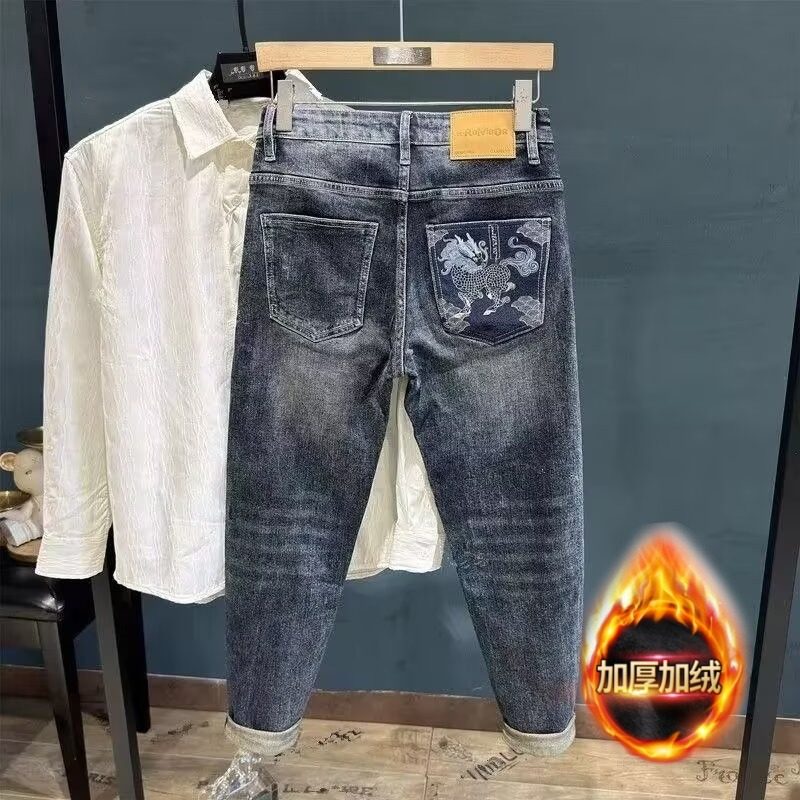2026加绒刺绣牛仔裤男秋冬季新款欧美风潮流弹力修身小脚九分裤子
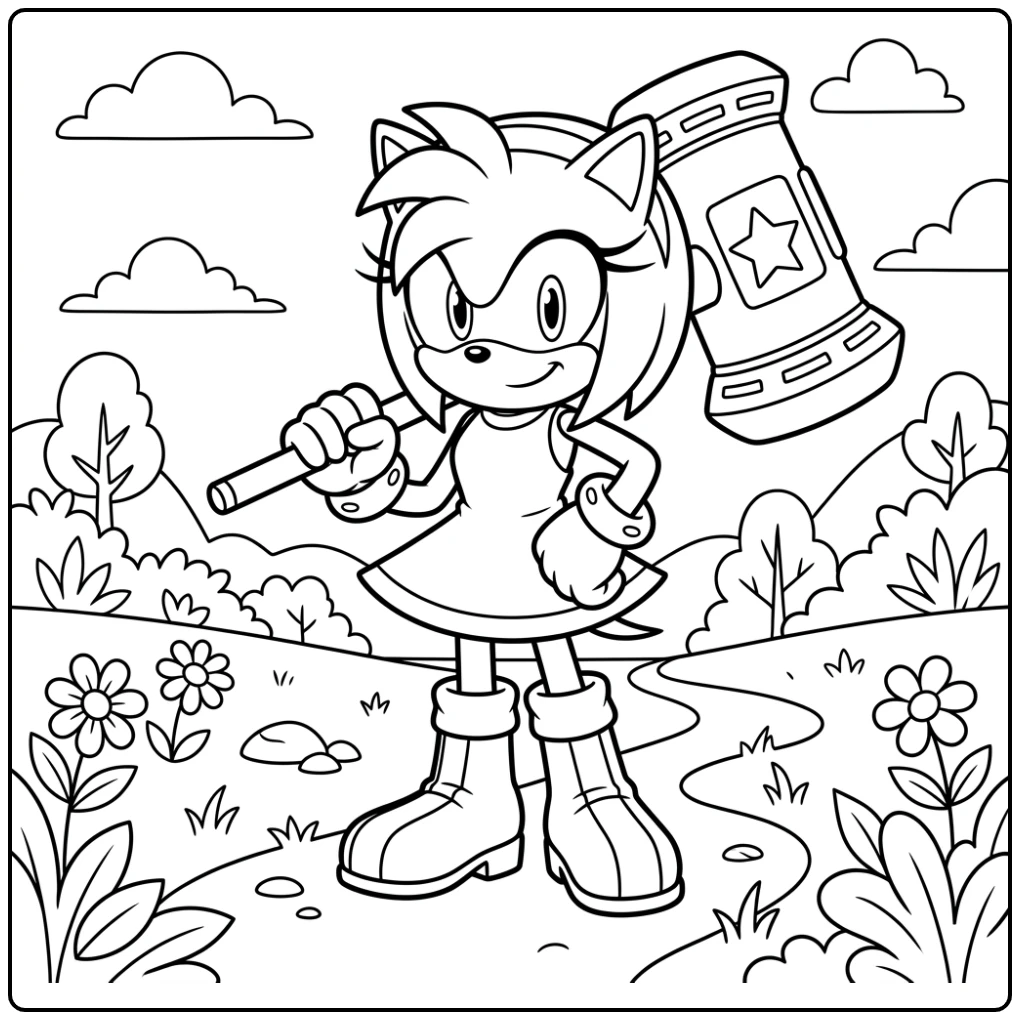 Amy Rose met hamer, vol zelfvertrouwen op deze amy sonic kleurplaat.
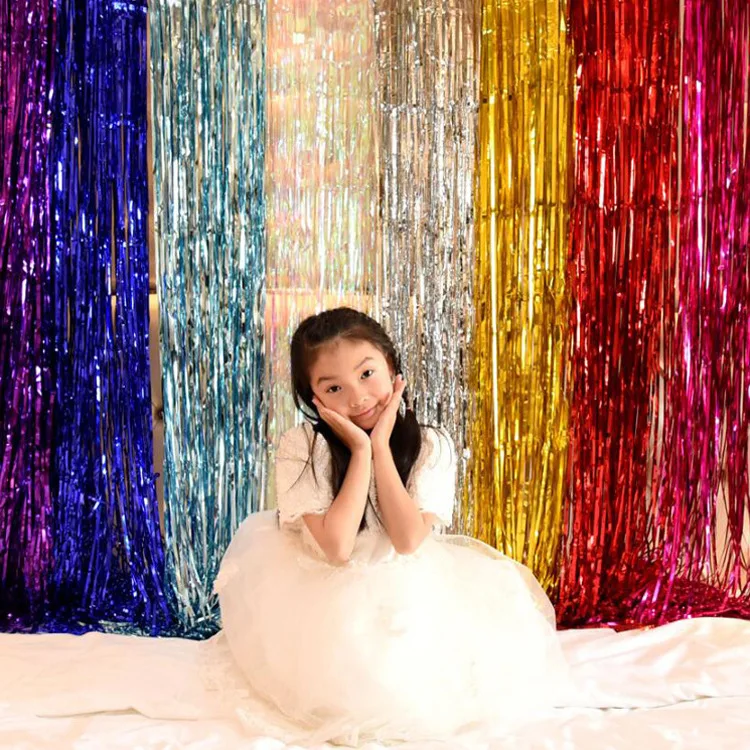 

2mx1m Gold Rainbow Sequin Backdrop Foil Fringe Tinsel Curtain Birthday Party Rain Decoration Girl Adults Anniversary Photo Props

^^^^^^^^

(Task description)
Each line from the one containing "Amy Rose met" to the final line of the data must be printed exactly, both included, with nothing else and no pictures.

(Output for this task)
 Amy Rose met hamer, vol zelfvertrouwen op deze amy sonic kleurplaat.

2mx1m Gold Rainbow Sequin Backdrop Foil Fringe Tinsel Curtain Birthday Party Rain Decoration Girl Adults Anniversary Photo Props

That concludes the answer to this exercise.